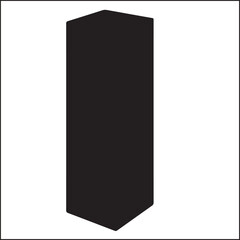 Tall Box silhouette vector on white background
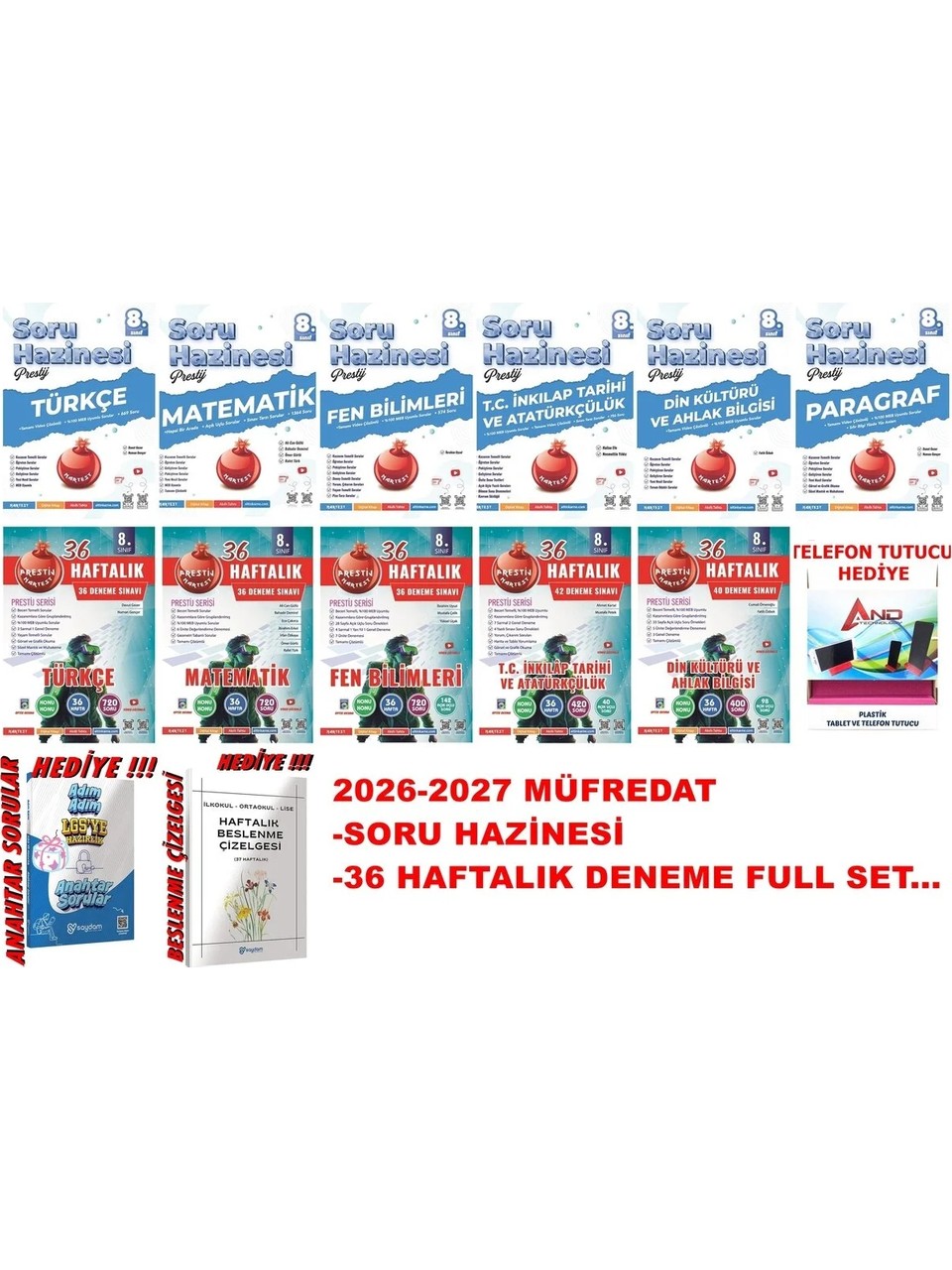 Nartest Yayınevi 2027 Müfredat 8.sınıf Soru Hazinesi ve 36 Haftalık Deneme Tüm Dersler Full Set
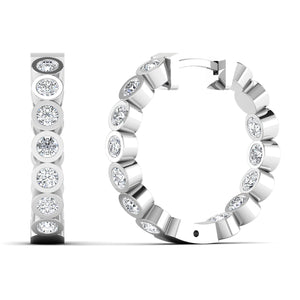 18ct white gold, inside out diamond hoop earrings, 1.20ct, sparkling diamonds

### WHAT TO WORK ON:
Repeat the material above in full and exactly, apart from the pictures.

### EXERCISE OUTPUT:
 Tall Box silhouette vector on white background
 Nartest Yayınevi 2027 Müfredat 8.sınıf Soru Hazinesi ve 36 Haftalık Deneme Tüm Dersler Full Set
 18ct white gold, inside out diamond hoop earrings, 1.20ct, sparkling diamonds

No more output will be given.